Experimental investigation of turbulent energy spectra affected by submerged vegetation in shallow open channel flows

In the presence of vegetation in open channel flows, various physical processes, such as sediment transport, may be dominated by large-scale eddies, of which mechanisms are not well understood at present. In this study, we aimed to explore vegetation-affected turbulence from the perspective of energy spectral analysis. First, we conducted a series of laboratory experiments of open channel flows with submerged vegetation by varying the flow rate, water depth, and vegetation density.
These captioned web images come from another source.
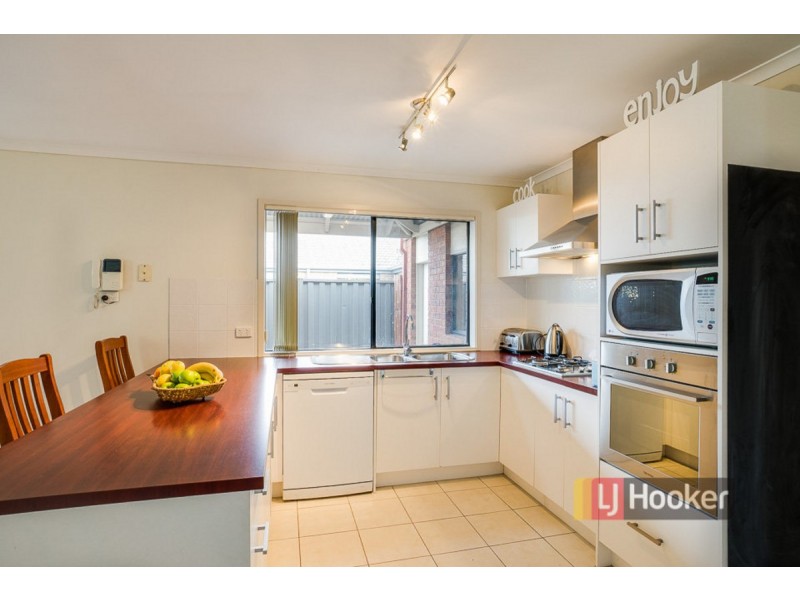 27 Condamine Avenue, Wyndham Vale VIC 3024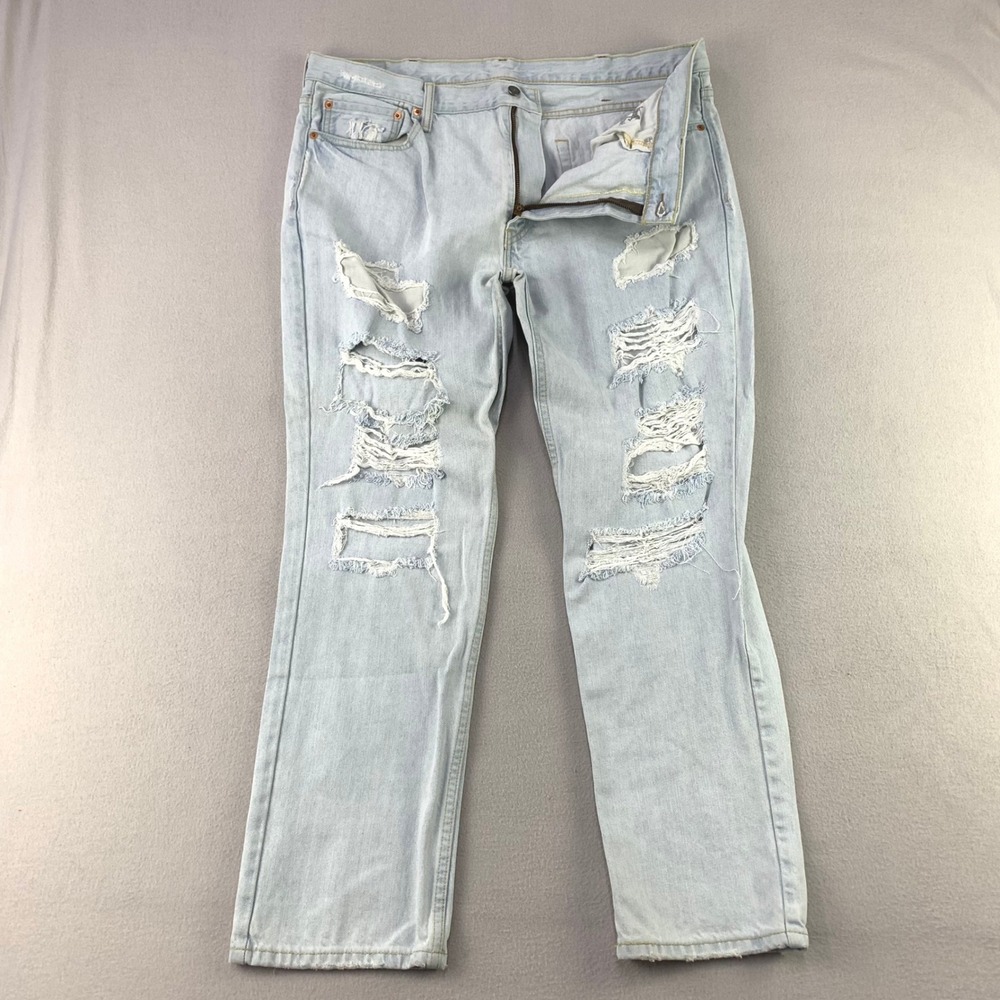 Levi's 501 Original Fit Jeans Mens 40x30 Light Wash Distressed Cotton Denim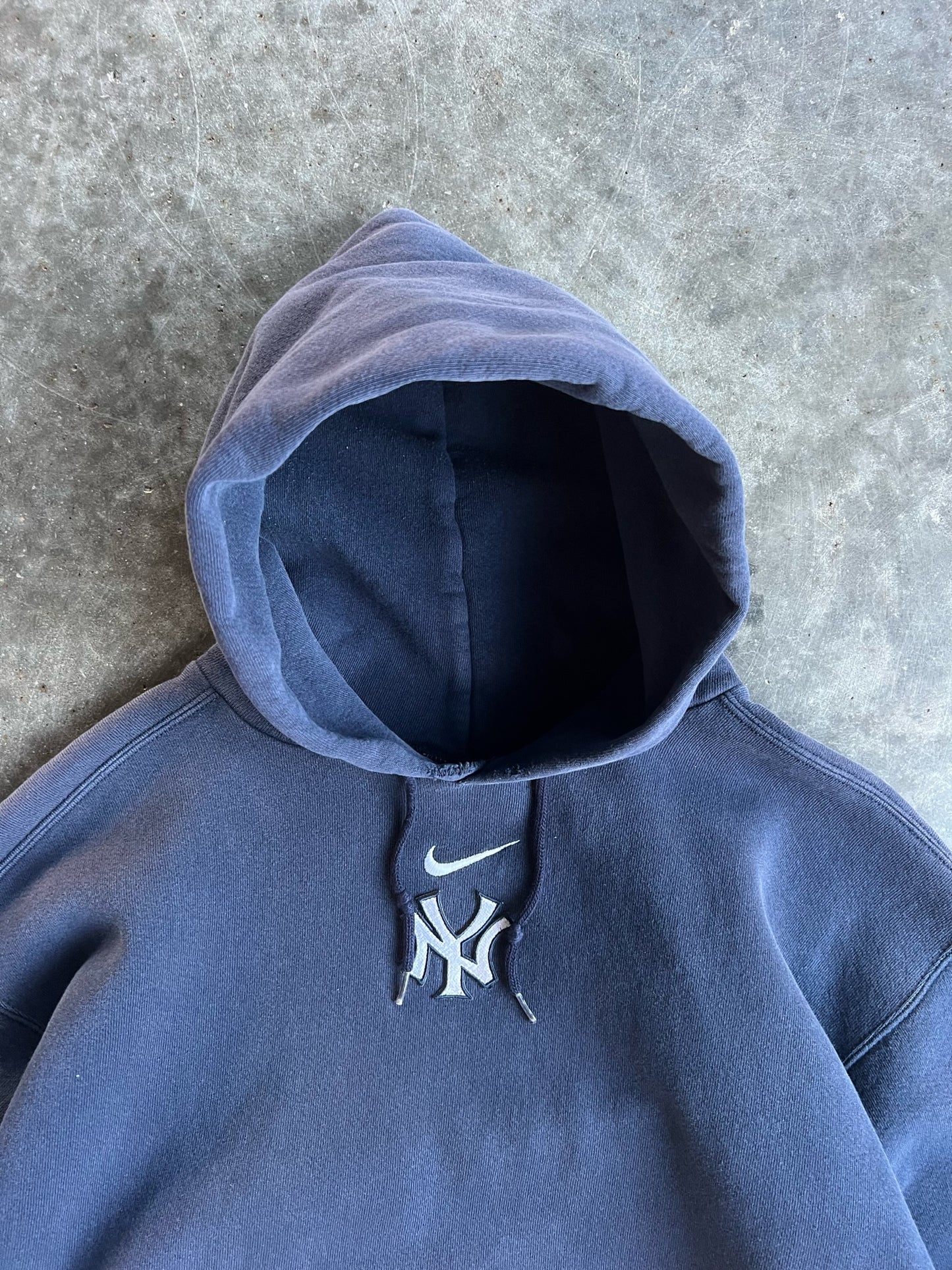 Vintage Navy Yankees Nike Center Swoosh Hoodie - L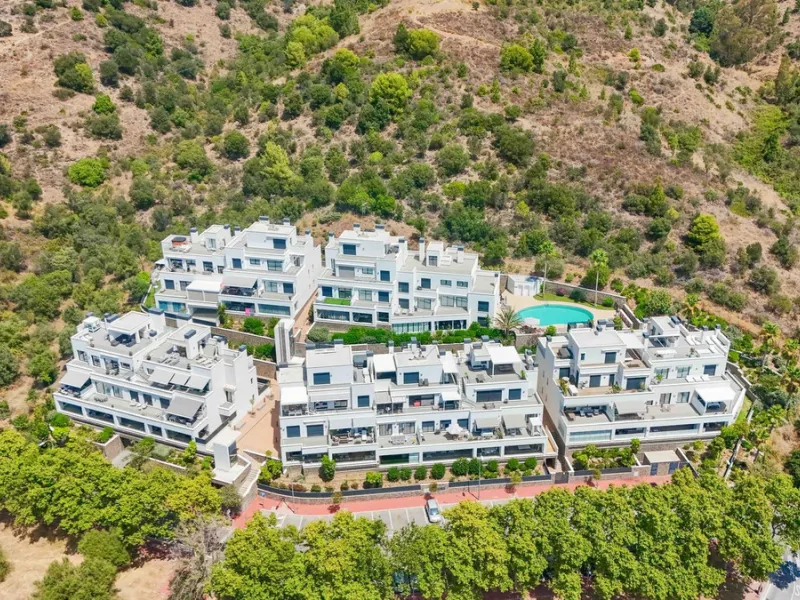 Apartment - Penthouse Duplex в продаже в Marbella, Málaga. В доме 4 спален и 3 ванных комнат. Площадь дома 139 м²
With flow velocities measured using the particle image velocimetry (PIV) technique, energy spectral analyses were then performed over several representative locations in the flow field. The results show that the Kelvin-Helmholtz (KH) vortices dominate the flow in the surface layer, while the shedding wake controls the flow in the vegetation layer, particularly downstream of individual vegetation stems. The normalized frequency of the KH vortices increases for flows with dense vegetation, of which the peak value, when normalized as the Strouhal number, has an average of 0.21. Furthermore, by applying Taylor's frozen turbulent hypothesis, it is shown that both the scale of the KH vortices and the penetration depth reduce when the vegetation becomes dense. Within the vegetation layer, the minimum of the peak streamwise wavelength is observed to be related to the shedding wake, while its maximum scales with the size of the penetrating KH vortices.